Wednesday, March 11, 2009

The Flowering of New England. Van Wyck Brooks.

New York: E.P. Dutton and Company, Inc. 1952 (1936).

Why read it? Tells the story of the New England Renaissance in the period between the American Revolution and the Civil War.

It was a springtime surge of energy and intellect, a revolution against theology which had crushed the human spirit and confidence. People were no longer willing to be damned. The New England air was filled with a sense of expectation. The present age was the spring season in the moral world.

In Boston, a morning freshness and a thrill of conscious activity. For Bancroft, God was visible in history and history culminated in the United States. There was a springtime feeling in the air, a joyous sense of awakening, a free creativeness and unconscious pride. The New England mind had crystallized. There was a renaissance in Boston, one of those "heats and genial periods" of which Emerson spoke in "English Traits," by which "high tides are caused in the human spirit."

Sample Quotes:

“Longfellow’s remark that ‘every Bostonian speaks as if he were the Pope.’ ” p. 341. ………. “…and every American morning was a Fourth of July.” p. 138. ………. “What was the meaning of these declamations, this cant about the inalienable rights of men in a country where it was known that Jefferson’s nephew had chopped a slave to pieces with an axe, where beating, branding, mutilating slaves, selling them, kicking them, killing them was all in the nature of the situation?" p. 404.

“Whenever he [Christopher Cranch] came back from Italy, he was struck by the look in people’s faces, the hard, weary expression about the mouth, the quick, shrewd eye, the anxious air; everyone seemed to be worried.” p. 259. ………. Emerson: “Observing the rocks, the grasses, the fishes, the insects, the lions, vultures and elephants, he felt a conviction stirring in him that all these forms of life expressed some property in himself.” p. 207. ………. Louis Sullivan: “Form follows function, function creates form.” p. 463.

“…and everyone knew that his book [Dana’s Two Years Before the Mast] had done as much for the sailors as Dickens had done for the debtors and orphans of England and Uncle Tom’s Cabin for the slaves.” p. 320. ………. Of James T. Fields: “He had served his apprenticeship as a bookseller’s clerk and had startled all the other clerks by guessing, whenever a customer entered the shop, the sort of book the customer presently asked for.” p. 492. ………. “…virtues of silence, secrecy and circumspection…. One should keep one’s countenance open but one’s thoughts close.” p. 10.

“A rule of the household of Wendell Phillips’s father, the first mayor of the city of Boston: “Ask no man to do for you anything that you are not able and willing to do for yourself.” p. 11. ………. “He belongs to that noble race of young Americans for whom the true happiness of man consists in the culture of the intelligence.” p. 132. ………. Of James Russell Lowell: “…his leading trait was a gift of pure enjoyment whether of books or garden flowers, walking, talking, smoking, drinking, reading, a gusto that was new…..” p. 321.

The story of a kind of American Renaissance.

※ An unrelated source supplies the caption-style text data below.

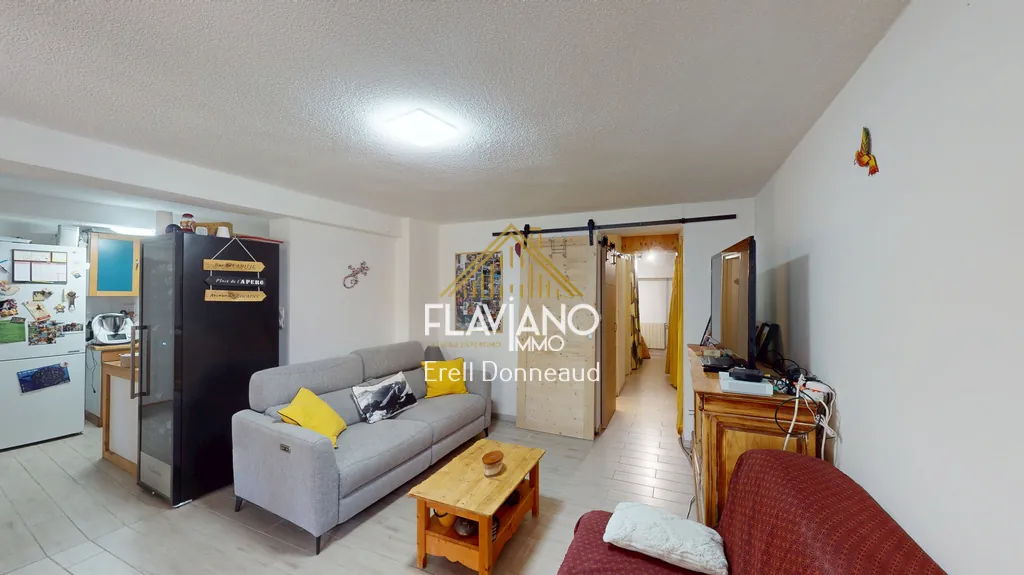 Appartement T2 rénové de 64,7 m² à Pra-loup, station de ski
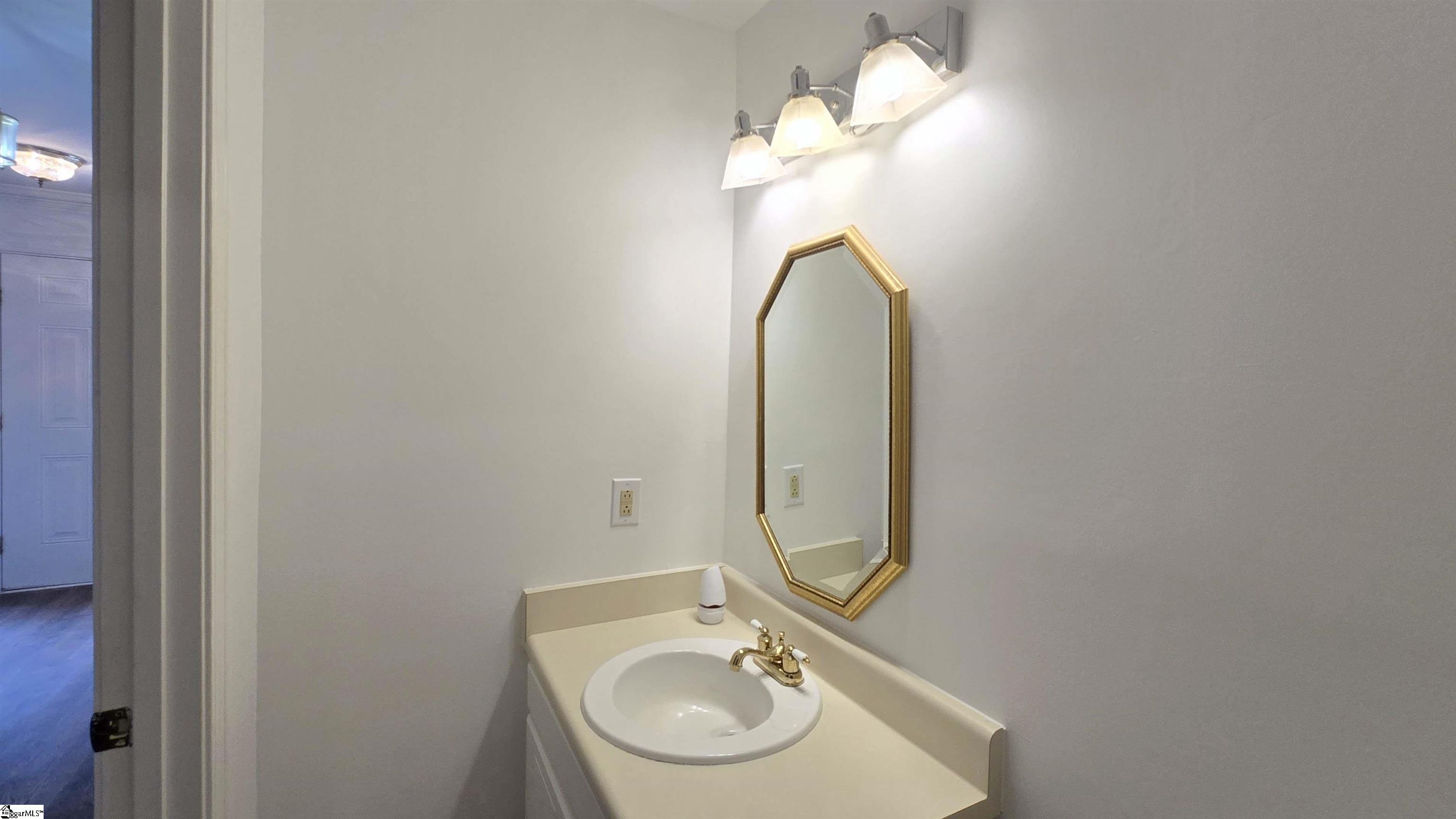 511 Foxhound Road Simpsonville, SC 29680 - Photo 28 of 32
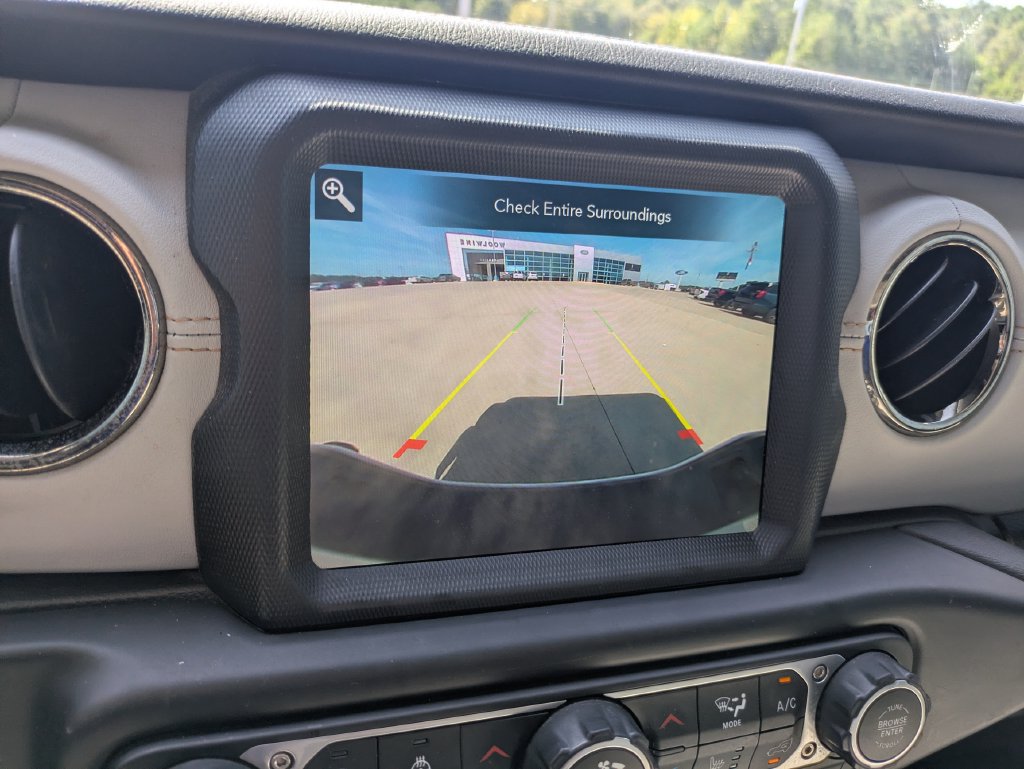 Used 2023 Jeep Gladiator Overland AWD/4WD image 14
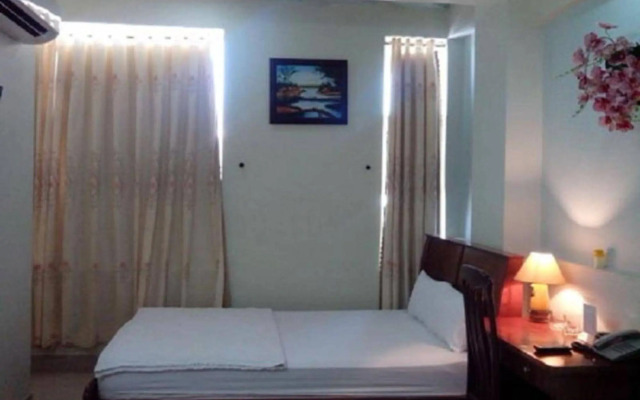 Song Xanh Hotel near SECC - FV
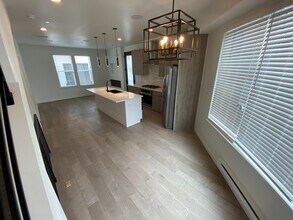 1920 Hooker St, Unit 6 in Denver, CO - Building Photo - Building Photo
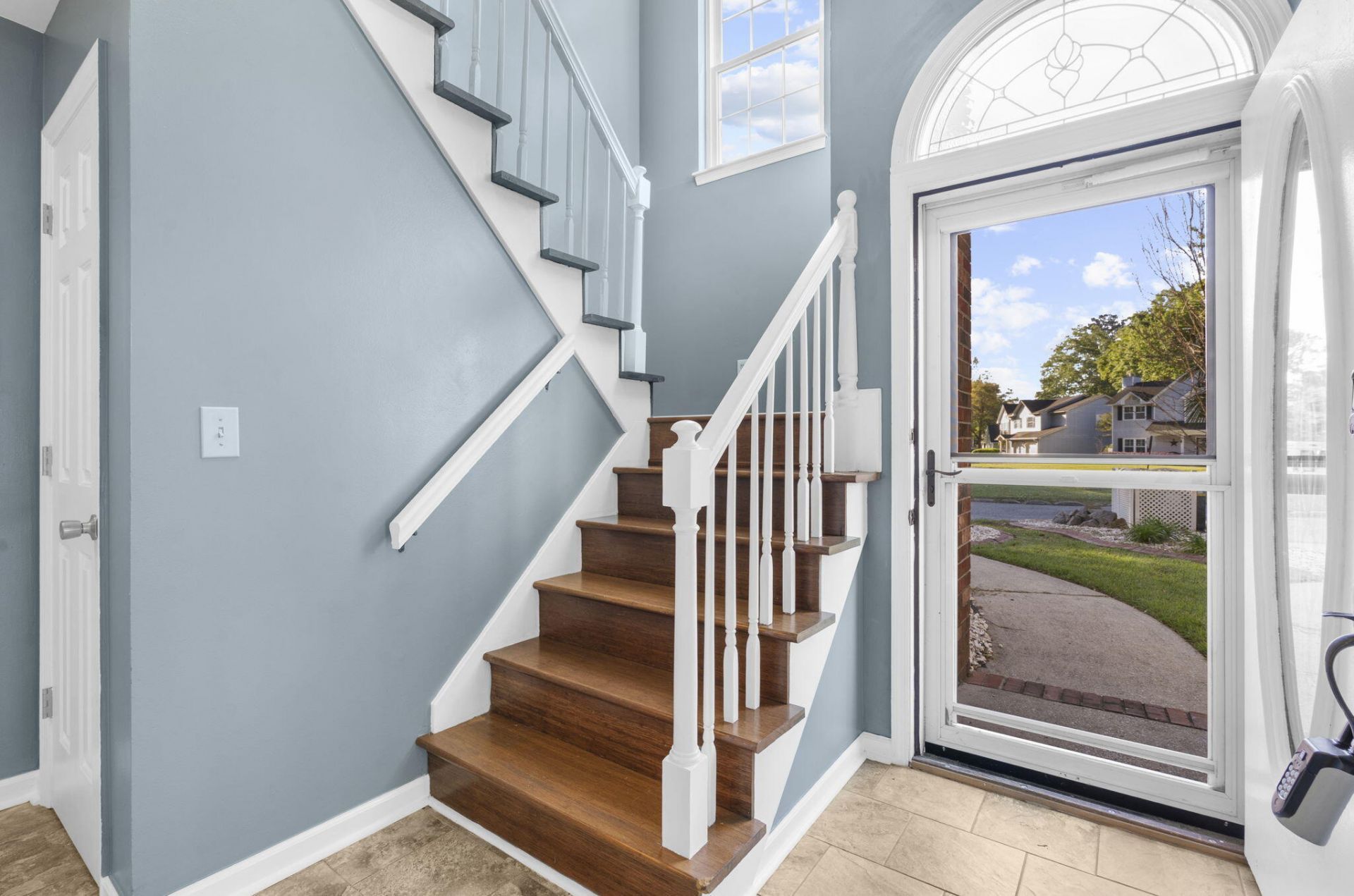 132 Knightsbridge Drive Photo 4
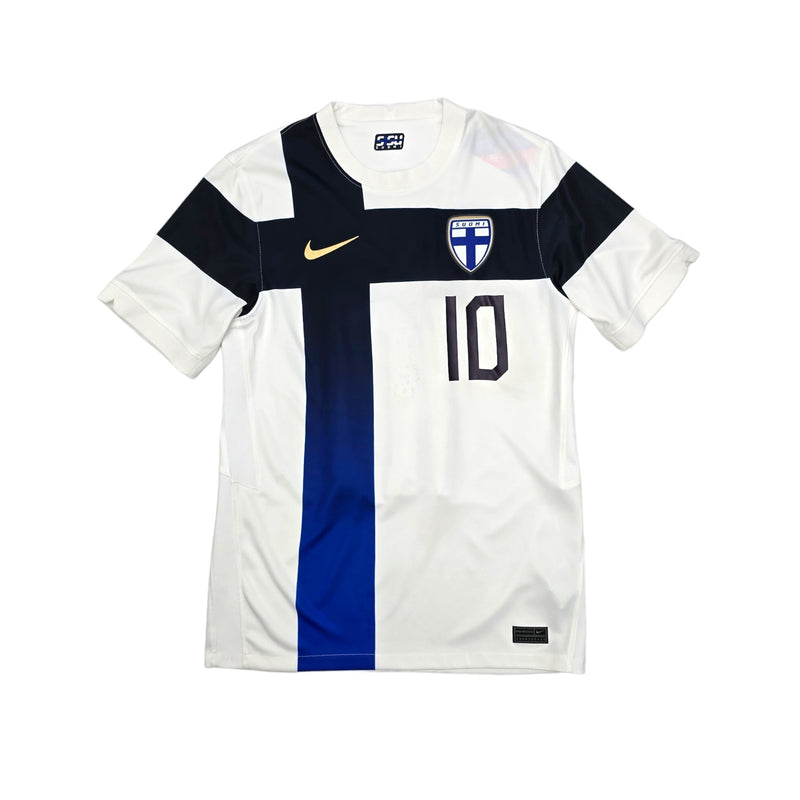 2020/21 Finland Home Football Shirt (S) Airo #10 Pukki - Football Finery - FF203835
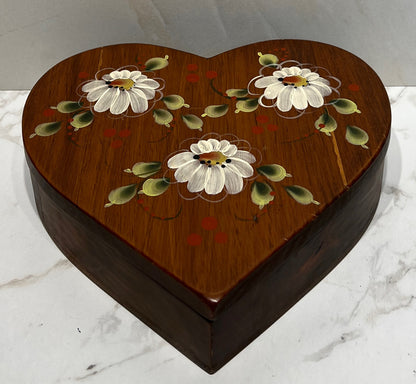 Kimplen Heart Covered Dish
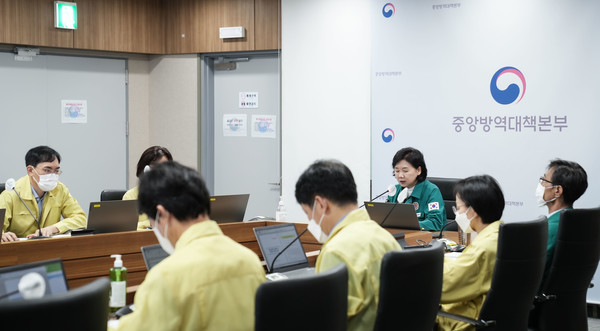 지영미 질병관리청장이 2일 충북 청주시 질병관리본부 긴급상황실에서 열린 코로나19 중앙사고수습본부 회의에서 발언하고 있다. 사진=연합뉴스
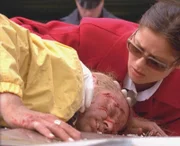 An der Unfallstelle entdeckt Jordan (Jill Hennessy), dass es sich bei dem Toten um Curt Reevus (Darstellername nicht zu ermitteln), den Hauptverdächtigen in einem Entführungsfall, handelt.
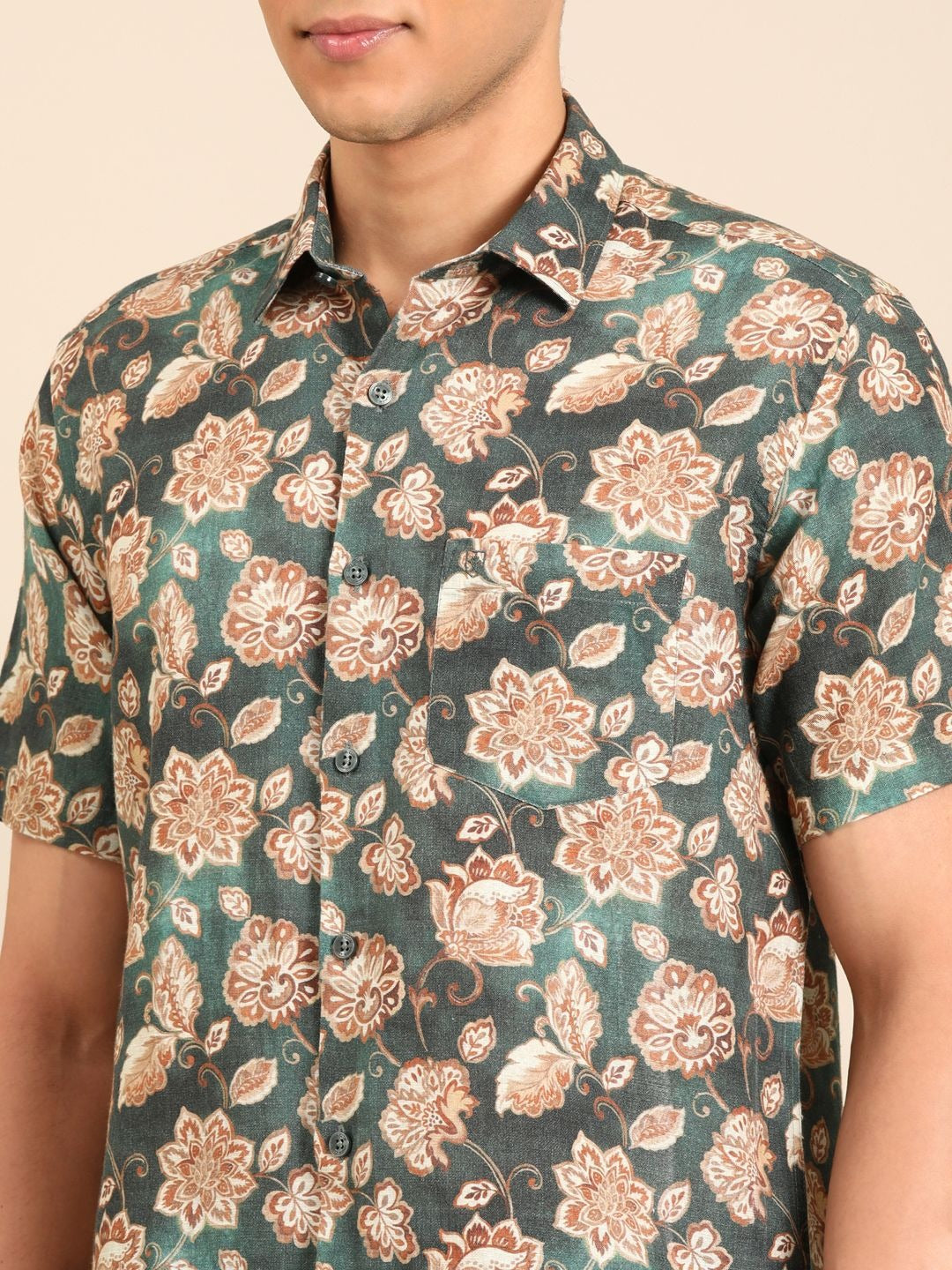 Stitchi Men's Vintage Floral Print Premium Casual Half Sleeve Shirt
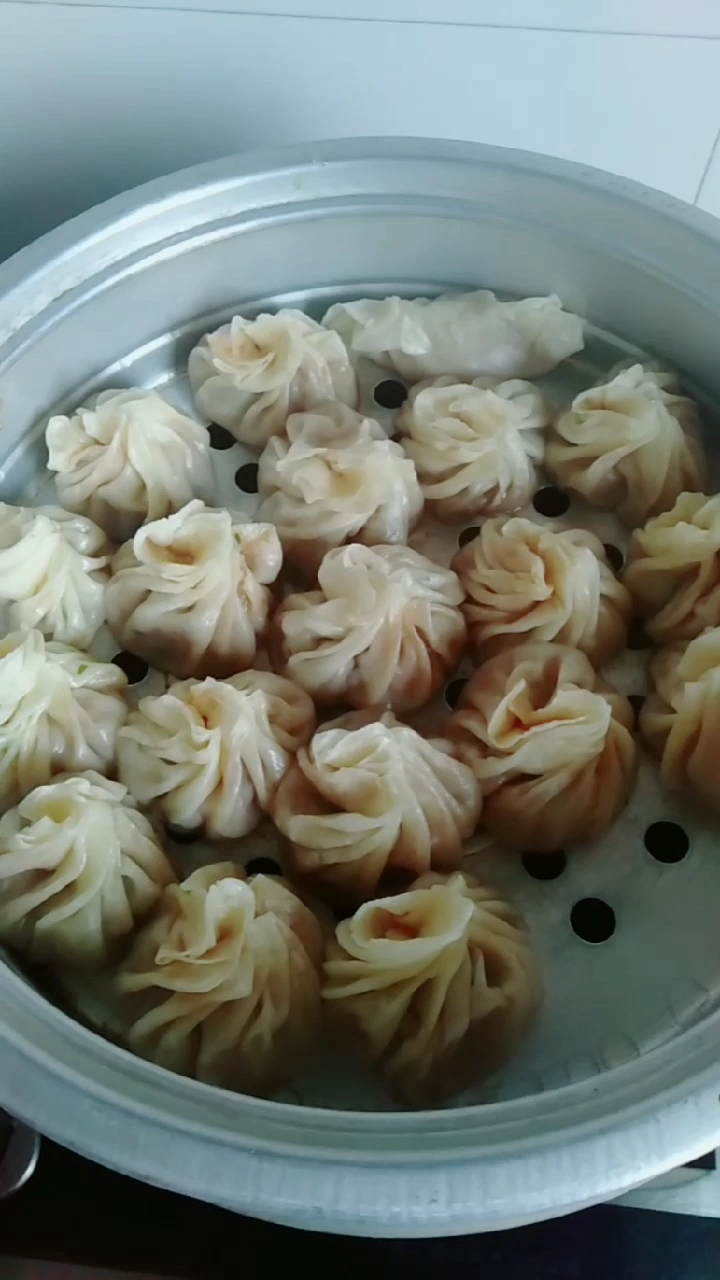 第一次用饺子皮做的小笼包,皮薄肉多,还别说,一次成功,味道还超级好吃!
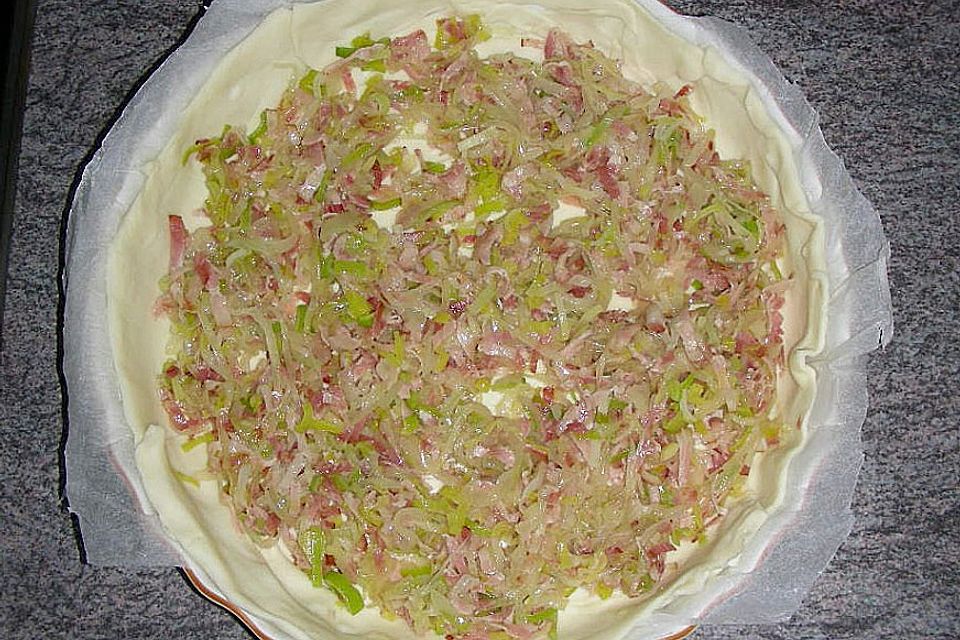 Speck-Zwiebel-Lauch-Käsekuchen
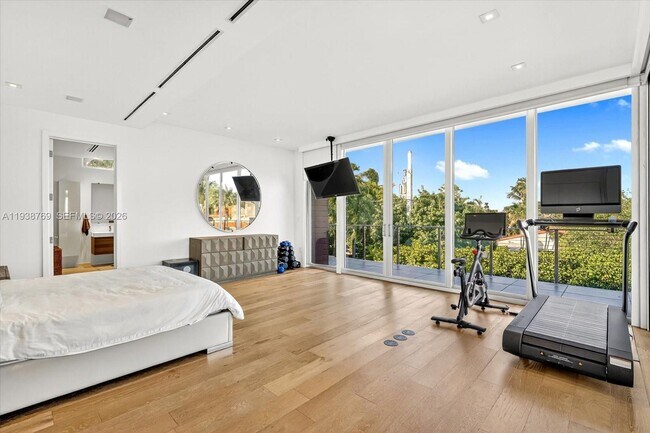 Building Photo - 201 Palm Ave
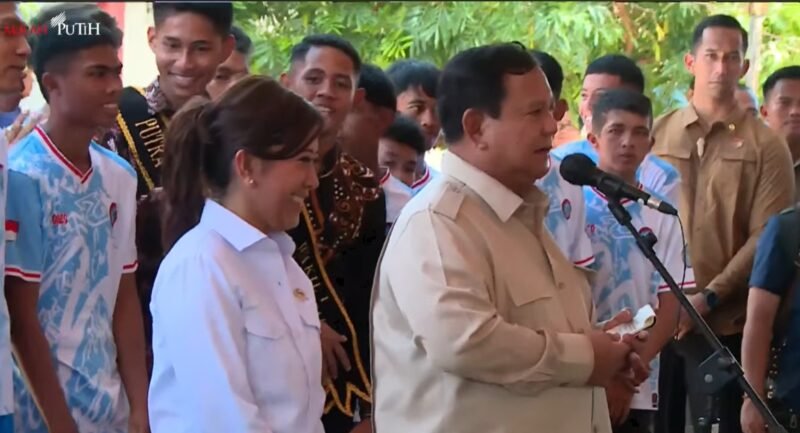 Presiden Prabowo Subianto bersama Menkomdigi Meutya Hafid di SMK Negeri 2, Kabupaten Kepulauan Talaud, Provinsi Sulut, pada Sabtu (9/5/2026). (Tangkapan Layar Youtube BPMI Setpres)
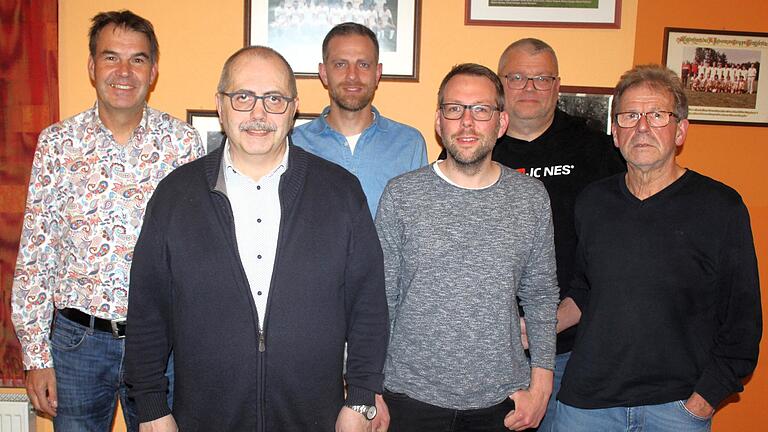 Im Amt bestätigt wurde der Vorstand des TSV/DJK Wiesentheid um Vorsitzenden Peter Neumayer (zweiter von links). Zum Gremium zählen Andreas Sinning, Holger Gropp, Johannes Austel, Stephen Seifert und Günter Rehberger (von links).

A time of achievement and excitement about intellect and culture. But the period had its dark side, too. Slavery. The Flowering of New England is one of the most enjoyable books I have read about one of the most unusual times in American history. The Puritans had put a damper on the human spirit. When that damper was removed, the spirit of New England was elevated to a belief that anything and everything could be learned and achieved. But always in the background was the “sin” of slavery. RayS.